Estimating ad costs & competitive pressure

Run $100 micro-tests (Meta/TikTok/Google) to pull live CPM/CPC/CTR—no model beats real auctions.

  • Creative density: Meta Ads Library/TikTok Creative Center → lots of fresh creatives from the same brands = heated auctions.
  • Store conversion proxy: Thousands of fresh ratings/month for leaders = strong conversion moats.

Back-of-napkin: CAC ≈ CPM × (1/CTR) × (1/CVR-to-lead) × (1/lead→trial) × (1/trial→paid). If CAC > 30–40% of projected 12-month LTV, danger zone.

Local data sources (socioeconomics & growth)

  • National statistics offices (education spend, household budgets, urbanization, internet access)
  • Education ministries/exam boards (cohorts, exam calendars, standards)
  • Central bank/inflation data (pricing & refund expectations)
  • Teacher/parent associations (channels and trust signals)

Summarize into a Market Basics card: population 6–16, smartphone %, payment rails, education spend patterns, refund norms.

Competition: direct & indirect

Map both, or you’ll misread demand and pricing:

  • Direct: apps in your sub-category (phonics, math practice, exam prep). Note pricing, proof, onboarding friction.
  • Indirect: real alternatives parents pay for—workbooks, private tutoring, after-school clubs, “productive screen time” substitutes (YouTube learning, WhatsApp homework groups).

Example lens (math app): if families buy printed workbooks every term, compete with that bundle (price, progress visibility, sibling plan), not just other apps.

Lightweight pilots (smoke tests)

Objective: learn real intent, price tolerance, and rails friction in 2–3 weeks—no full launch.

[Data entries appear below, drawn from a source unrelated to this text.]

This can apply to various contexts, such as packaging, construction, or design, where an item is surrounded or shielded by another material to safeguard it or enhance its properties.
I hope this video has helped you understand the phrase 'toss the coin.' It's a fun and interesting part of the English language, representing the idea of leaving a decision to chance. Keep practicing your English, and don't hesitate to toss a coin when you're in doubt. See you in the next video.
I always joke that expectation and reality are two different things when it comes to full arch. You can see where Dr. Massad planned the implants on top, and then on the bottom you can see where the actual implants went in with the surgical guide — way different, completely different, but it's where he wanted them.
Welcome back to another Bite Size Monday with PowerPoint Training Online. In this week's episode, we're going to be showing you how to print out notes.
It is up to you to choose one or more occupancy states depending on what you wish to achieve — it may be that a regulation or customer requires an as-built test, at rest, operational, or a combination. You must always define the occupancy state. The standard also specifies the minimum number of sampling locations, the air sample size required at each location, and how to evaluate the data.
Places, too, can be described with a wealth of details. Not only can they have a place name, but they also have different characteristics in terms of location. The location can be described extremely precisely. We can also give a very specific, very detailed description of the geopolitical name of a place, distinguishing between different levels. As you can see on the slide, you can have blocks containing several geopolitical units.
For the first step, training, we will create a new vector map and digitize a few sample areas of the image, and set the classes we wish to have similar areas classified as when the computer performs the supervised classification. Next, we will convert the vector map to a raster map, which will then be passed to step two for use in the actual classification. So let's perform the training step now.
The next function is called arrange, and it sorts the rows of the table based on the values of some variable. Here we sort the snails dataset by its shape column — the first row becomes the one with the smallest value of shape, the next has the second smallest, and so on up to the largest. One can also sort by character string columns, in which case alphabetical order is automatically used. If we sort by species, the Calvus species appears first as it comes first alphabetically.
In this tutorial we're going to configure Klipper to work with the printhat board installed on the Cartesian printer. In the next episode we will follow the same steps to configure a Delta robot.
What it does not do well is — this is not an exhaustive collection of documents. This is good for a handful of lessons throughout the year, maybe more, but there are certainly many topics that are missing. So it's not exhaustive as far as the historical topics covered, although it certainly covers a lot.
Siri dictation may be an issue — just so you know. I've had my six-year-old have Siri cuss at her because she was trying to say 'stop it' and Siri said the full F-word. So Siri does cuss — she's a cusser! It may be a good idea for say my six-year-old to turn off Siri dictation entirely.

  • Localized LP (headline, trust stack, price) + lead/waitlist
  • Creative micro-tests per market (5–10 hooks × 2 visuals); optimize to CTR then lead quality
  • Price & rails check (local prices, show common payment methods; capture intent)
  • Draft App/Play listing (unlisted/test) to validate copy & screenshots with native reviewers

Stop/scale thresholds (examples): top creative CTR ≥ 1.5–2.0%; LP CVR-to-lead ≥ 8–12%; 30–50 qualified leads; predicted CAC ≤ 0.3–0.4 × 12-month LTV; no show-stoppers in payments/refunds/privacy.

A simple scoring model to pick your next market

Score each candidate 1–5 on: Demand, Ad costs, Competition, Payments, Socioeconomics, Seasonality fit, Compliance friction, Ops readiness.

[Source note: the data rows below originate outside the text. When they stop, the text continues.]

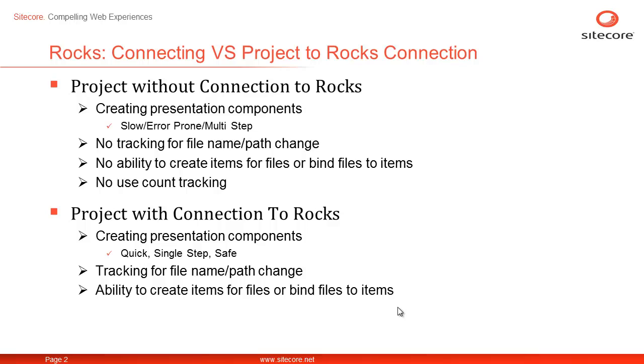It gives you the ability to create items for presentation components and bind files to items in a single step. Lastly, you will also have the options to count how many times a particular file has been referred in the Sitecore instance.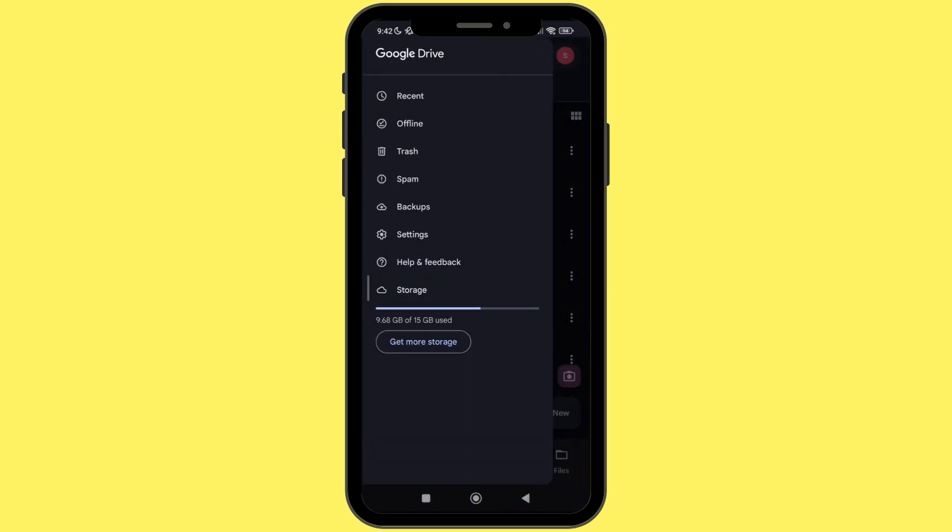click on the three lines at the top left corner and in the below you will see the option of storage. If you see that almost all the storage of your Gmail application has been consumed, click on get more storage.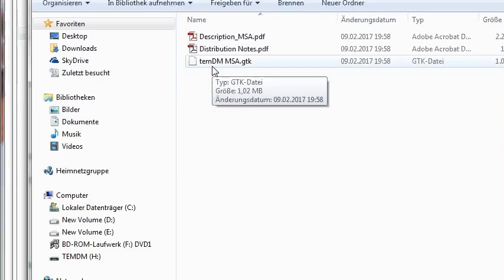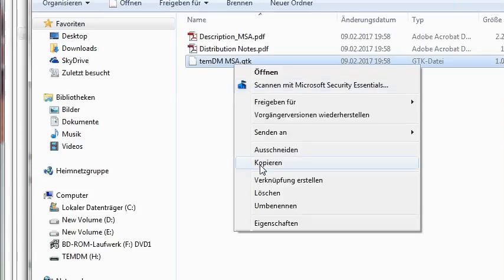The code itself is inside this file. It's called TEMDM MSA.GTK. And installation is very simple. Just copy this file.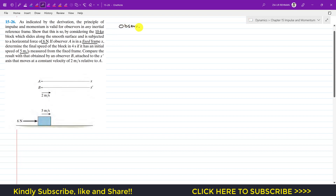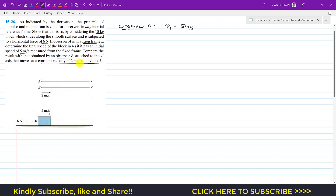For Observer A, which is the fixed frame, the initial velocity v1 is 5 meter per second. We also need to compare the result with that obtained by Observer B, attached to the x-dash axis, moving at a constant velocity of 2 meter per second relative to A. For Observer A, we apply the principle of linear impulse and momentum: m·v1 plus the summation of impulse due to external forces equals the final momentum m·v2.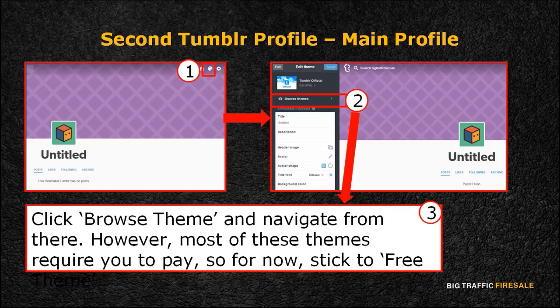There are multiple customizations you can do. You can edit your theme however you want — explore these options and figure out which suits your business best. There are also ready-made themes you can browse through. Click Browse Theme and navigate from there. However, most of these themes require you to pay, so for now, stick to Free Theme.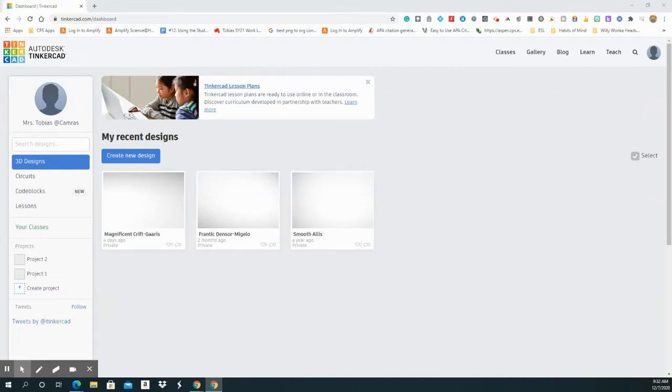Hi friends, today I'm going to show you how to do and access the Minecraft Glasses lesson so that way you can create it and then you can send it to me as a .stl file.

Weight Demand & Ad costs double. Anything <3.5 avg is “later.” Highest score gets a 90-day country pilot with budget and owners.

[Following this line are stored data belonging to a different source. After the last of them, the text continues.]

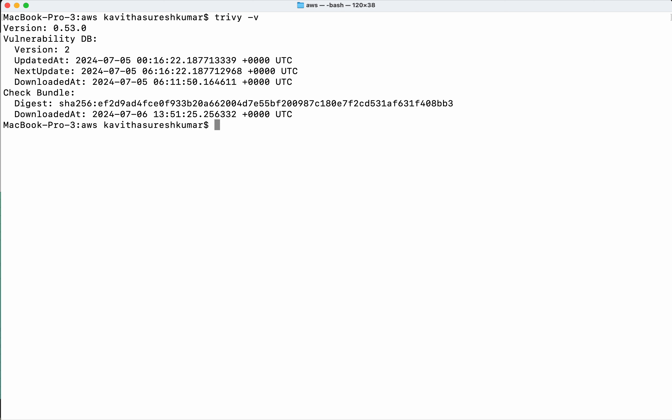I have Trivy version 0.53.0 installed in my system. In this folder, I have a set of Terraform files for creating an AWS EC2 instance. I'm going to run the Terraform scan against them. So, trivy conf dot.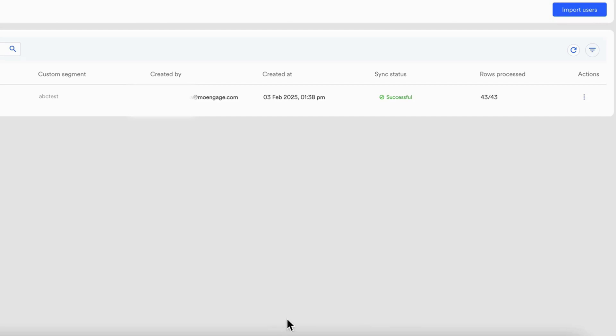You can import three types of data: users, events, and auxiliary data. Just go to the imports section and upload your file, map the fields to MoEngage attributes, review any validation messages, and start the import. Once done, import the file and view the summary with successful and failed records shown clearly.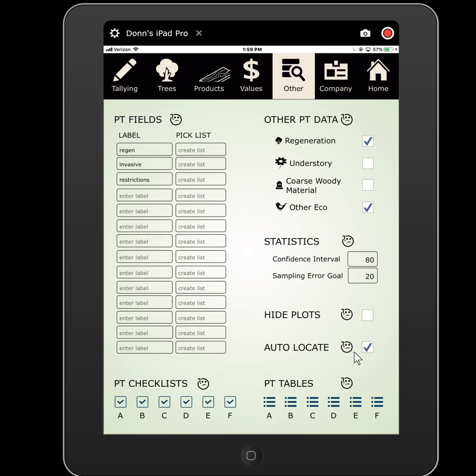And that's it for custom plot level data. Thanks, and hope you enjoy the rest of our videos to give you a deeper look into Forest Metrics Pro.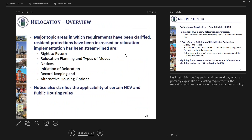On the relocation side of things there are actually more changes to the relocation policies articulated in the notice. The topics covered include: the right of return, types of moves, notices, initiation of relocation, some record keeping, and alternative housing options. At the end of the notice there is also some discussion about how RAD interplays with certain HCV and public housing rules.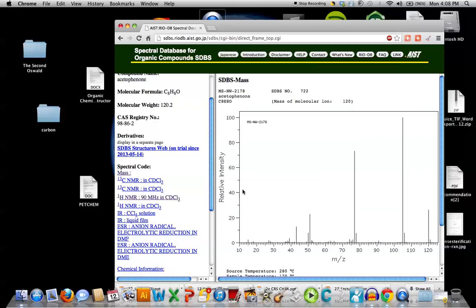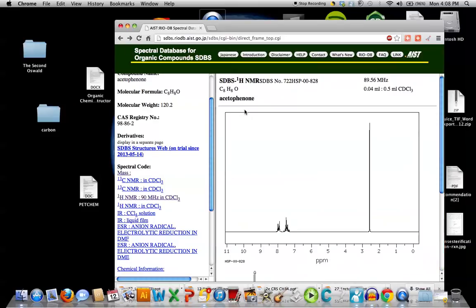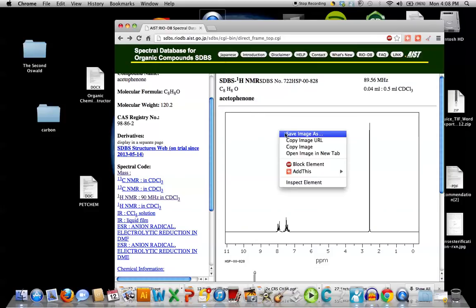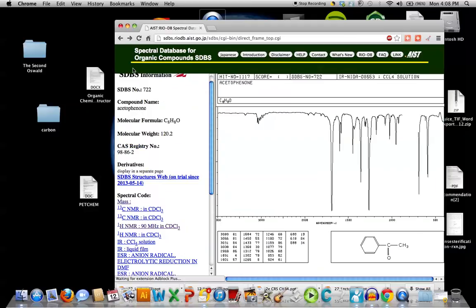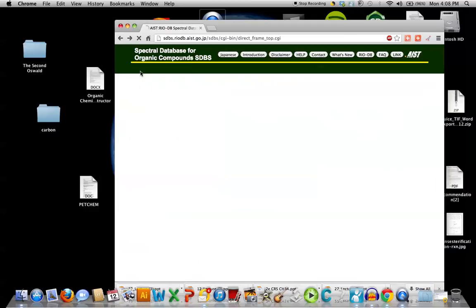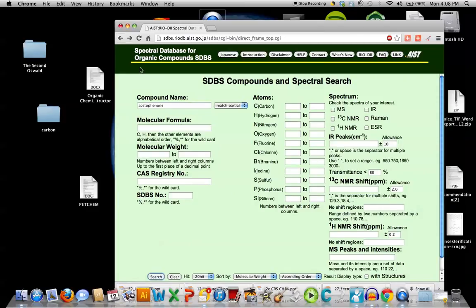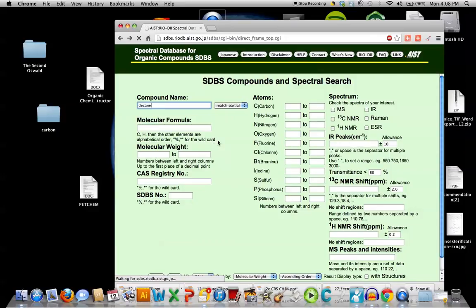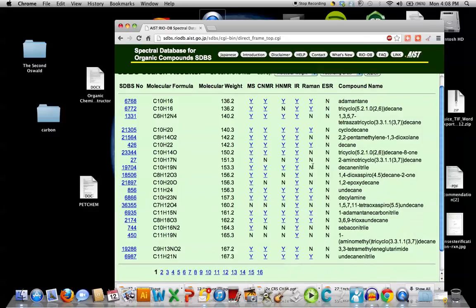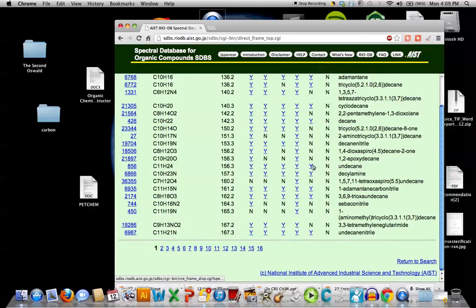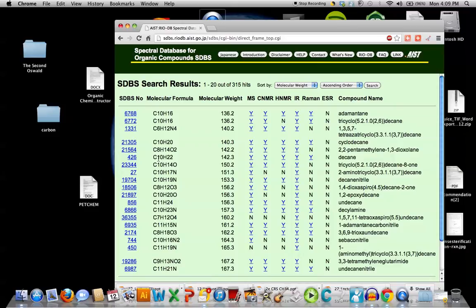Let's take a look at one other example. Let's type in decane and see what we find. So we'll go back. And let me put in decane. Must be a lot of people accessing the database. A little slow today.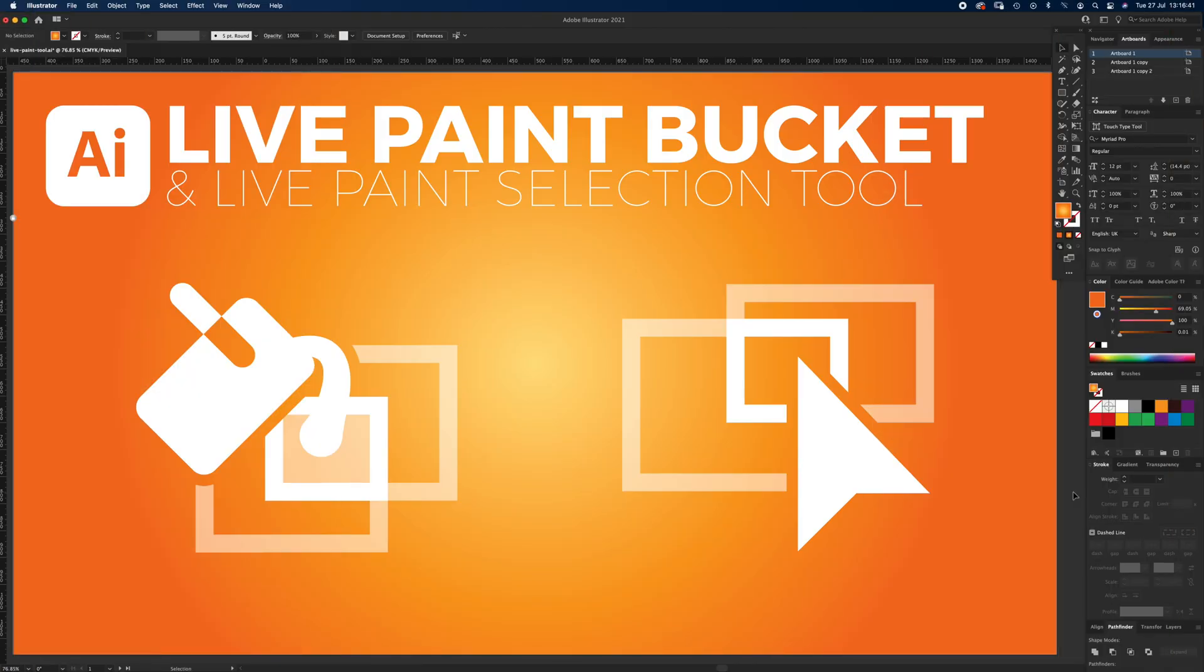Hello and welcome to another Igloo imaging tutorial. This one's on Live Paint Bucket and the Live Paint Selection tool.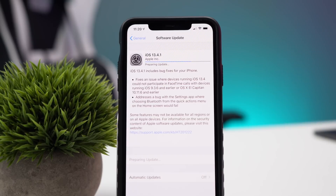Specifically with the iPhone and iPad, there was an issue fixed where devices running iOS 13.4 could not participate in FaceTime calls with other devices running iOS 9.3.6 and earlier, or OS X El Capitan 10.11.6 and earlier. This applies to a limited number of people, but it's something Apple wanted to fix, and it's present in iOS 13.4.1.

Common traps (and how to avoid them)

  • Translation-only launches. Localize the trust stack first; deepen content after early retention.
  • English-keyword bias. Test local phrasing; false friends tank intent estimates.
  • Seasonality whiplash. Don’t call “no demand” if the spike is two months later.
  • Ignoring indirect rivals. If tutoring/workbooks dominate, build pricing & proof to beat them.
  • Data without decisions. Define go/no-go thresholds before testing; avoid endless “more data” loops.

Appendix — 2-week Market Scan worksheet

Day 1–3: shortlist 5–10 via the 8-point filter; pick top 3.

Day 4–6: demand & ad-cost sizing (search, trends, store, $100 tests).

Day 7–9: competition map; Market Basics card; pricing hypothesis.

Day 10–14: run smoke tests; collect objections; compute CAC range; decide stop/scale.

Outputs: one-pager per market, metrics sheet, decision memo with next steps.